*** Records supplied
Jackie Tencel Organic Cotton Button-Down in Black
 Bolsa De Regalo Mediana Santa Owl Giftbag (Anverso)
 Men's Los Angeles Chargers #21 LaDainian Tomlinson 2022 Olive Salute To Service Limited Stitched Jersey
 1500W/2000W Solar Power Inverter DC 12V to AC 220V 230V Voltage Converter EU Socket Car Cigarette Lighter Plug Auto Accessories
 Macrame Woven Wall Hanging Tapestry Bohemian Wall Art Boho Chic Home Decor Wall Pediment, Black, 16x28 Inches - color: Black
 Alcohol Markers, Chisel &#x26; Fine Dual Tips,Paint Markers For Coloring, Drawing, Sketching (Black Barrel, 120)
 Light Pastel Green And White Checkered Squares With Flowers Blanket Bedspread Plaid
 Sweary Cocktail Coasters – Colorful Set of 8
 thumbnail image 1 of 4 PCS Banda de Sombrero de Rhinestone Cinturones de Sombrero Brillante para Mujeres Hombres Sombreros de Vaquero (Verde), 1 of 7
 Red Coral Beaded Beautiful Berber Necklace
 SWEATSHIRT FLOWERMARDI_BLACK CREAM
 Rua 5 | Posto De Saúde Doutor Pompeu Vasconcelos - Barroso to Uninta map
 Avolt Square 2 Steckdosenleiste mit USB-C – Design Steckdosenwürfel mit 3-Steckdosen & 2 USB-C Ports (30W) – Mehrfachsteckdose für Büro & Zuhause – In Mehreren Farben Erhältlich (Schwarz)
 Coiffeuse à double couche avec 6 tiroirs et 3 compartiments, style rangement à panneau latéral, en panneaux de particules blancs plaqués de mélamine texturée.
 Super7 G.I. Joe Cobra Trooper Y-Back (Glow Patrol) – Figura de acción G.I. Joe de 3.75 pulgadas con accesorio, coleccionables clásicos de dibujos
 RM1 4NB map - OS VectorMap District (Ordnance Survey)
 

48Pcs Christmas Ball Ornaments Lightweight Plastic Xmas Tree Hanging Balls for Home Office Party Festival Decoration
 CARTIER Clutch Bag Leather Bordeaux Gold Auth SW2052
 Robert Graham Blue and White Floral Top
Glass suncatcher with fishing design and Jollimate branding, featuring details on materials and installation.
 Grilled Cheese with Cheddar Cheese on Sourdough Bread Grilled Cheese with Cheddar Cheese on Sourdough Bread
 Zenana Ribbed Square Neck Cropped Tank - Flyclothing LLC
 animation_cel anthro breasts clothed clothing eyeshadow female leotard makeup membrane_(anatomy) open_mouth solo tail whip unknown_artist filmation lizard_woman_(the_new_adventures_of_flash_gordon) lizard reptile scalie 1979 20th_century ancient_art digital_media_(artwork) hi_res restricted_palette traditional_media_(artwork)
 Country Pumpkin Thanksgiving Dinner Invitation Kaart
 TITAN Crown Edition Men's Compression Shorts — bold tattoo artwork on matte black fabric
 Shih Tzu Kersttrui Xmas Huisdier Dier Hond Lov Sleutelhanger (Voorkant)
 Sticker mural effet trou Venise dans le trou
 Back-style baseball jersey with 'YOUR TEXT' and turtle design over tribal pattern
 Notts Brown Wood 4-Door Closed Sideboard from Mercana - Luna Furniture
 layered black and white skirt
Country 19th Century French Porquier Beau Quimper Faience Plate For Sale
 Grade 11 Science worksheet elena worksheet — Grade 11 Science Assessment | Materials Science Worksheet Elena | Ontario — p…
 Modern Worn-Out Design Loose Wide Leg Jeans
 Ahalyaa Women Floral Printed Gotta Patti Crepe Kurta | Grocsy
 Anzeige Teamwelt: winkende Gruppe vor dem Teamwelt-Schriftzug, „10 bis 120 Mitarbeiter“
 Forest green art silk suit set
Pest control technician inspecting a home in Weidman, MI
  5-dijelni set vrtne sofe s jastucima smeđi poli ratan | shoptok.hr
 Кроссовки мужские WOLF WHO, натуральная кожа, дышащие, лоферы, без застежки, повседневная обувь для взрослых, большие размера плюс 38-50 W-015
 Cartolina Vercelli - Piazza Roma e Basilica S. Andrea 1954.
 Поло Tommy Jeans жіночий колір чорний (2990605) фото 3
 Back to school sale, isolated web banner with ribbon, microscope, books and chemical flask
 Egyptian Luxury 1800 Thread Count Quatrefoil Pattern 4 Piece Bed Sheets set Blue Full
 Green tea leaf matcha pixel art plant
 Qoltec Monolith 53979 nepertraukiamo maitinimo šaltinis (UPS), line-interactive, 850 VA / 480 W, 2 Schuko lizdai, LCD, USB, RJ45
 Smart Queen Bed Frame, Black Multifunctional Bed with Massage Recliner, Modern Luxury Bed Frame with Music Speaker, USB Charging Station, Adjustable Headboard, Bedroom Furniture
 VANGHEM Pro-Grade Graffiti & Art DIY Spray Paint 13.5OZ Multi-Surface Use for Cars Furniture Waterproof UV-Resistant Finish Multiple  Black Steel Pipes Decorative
******
Return only the exact lines from the opening of the records through the line that contains "RM1 4NB map", both included.

Jackie Tencel Organic Cotton Button-Down in Black
 Bolsa De Regalo Mediana Santa Owl Giftbag (Anverso)
 Men's Los Angeles Chargers #21 LaDainian Tomlinson 2022 Olive Salute To Service Limited Stitched Jersey
 1500W/2000W Solar Power Inverter DC 12V to AC 220V 230V Voltage Converter EU Socket Car Cigarette Lighter Plug Auto Accessories
 Macrame Woven Wall Hanging Tapestry Bohemian Wall Art Boho Chic Home Decor Wall Pediment, Black, 16x28 Inches - color: Black
 Alcohol Markers, Chisel &#x26; Fine Dual Tips,Paint Markers For Coloring, Drawing, Sketching (Black Barrel, 120)
 Light Pastel Green And White Checkered Squares With Flowers Blanket Bedspread Plaid
 Sweary Cocktail Coasters – Colorful Set of 8
 thumbnail image 1 of 4 PCS Banda de Sombrero de Rhinestone Cinturones de Sombrero Brillante para Mujeres Hombres Sombreros de Vaquero (Verde), 1 of 7
 Red Coral Beaded Beautiful Berber Necklace
 SWEATSHIRT FLOWERMARDI_BLACK CREAM
 Rua 5 | Posto De Saúde Doutor Pompeu Vasconcelos - Barroso to Uninta map
 Avolt Square 2 Steckdosenleiste mit USB-C – Design Steckdosenwürfel mit 3-Steckdosen & 2 USB-C Ports (30W) – Mehrfachsteckdose für Büro & Zuhause – In Mehreren Farben Erhältlich (Schwarz)
 Coiffeuse à double couche avec 6 tiroirs et 3 compartiments, style rangement à panneau latéral, en panneaux de particules blancs plaqués de mélamine texturée.
 Super7 G.I. Joe Cobra Trooper Y-Back (Glow Patrol) – Figura de acción G.I. Joe de 3.75 pulgadas con accesorio, coleccionables clásicos de dibujos
 RM1 4NB map - OS VectorMap District (Ordnance Survey)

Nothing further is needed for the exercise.